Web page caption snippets

┌──

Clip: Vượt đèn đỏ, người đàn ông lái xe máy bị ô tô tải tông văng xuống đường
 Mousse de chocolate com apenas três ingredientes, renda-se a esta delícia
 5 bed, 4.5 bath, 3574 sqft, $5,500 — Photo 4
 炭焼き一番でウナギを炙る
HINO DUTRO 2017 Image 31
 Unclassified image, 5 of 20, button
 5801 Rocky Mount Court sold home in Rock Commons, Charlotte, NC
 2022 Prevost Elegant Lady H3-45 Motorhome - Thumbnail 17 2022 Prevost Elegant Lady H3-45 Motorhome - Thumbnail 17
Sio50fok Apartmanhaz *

└──

The answer should be an exact copy of the lines from the first line of the data through the line with "5801 Rocky Mount" and should contain nothing else.

Clip: Vượt đèn đỏ, người đàn ông lái xe máy bị ô tô tải tông văng xuống đường
 Mousse de chocolate com apenas três ingredientes, renda-se a esta delícia
 5 bed, 4.5 bath, 3574 sqft, $5,500 — Photo 4
 炭焼き一番でウナギを炙る
HINO DUTRO 2017 Image 31
 Unclassified image, 5 of 20, button
 5801 Rocky Mount Court sold home in Rock Commons, Charlotte, NC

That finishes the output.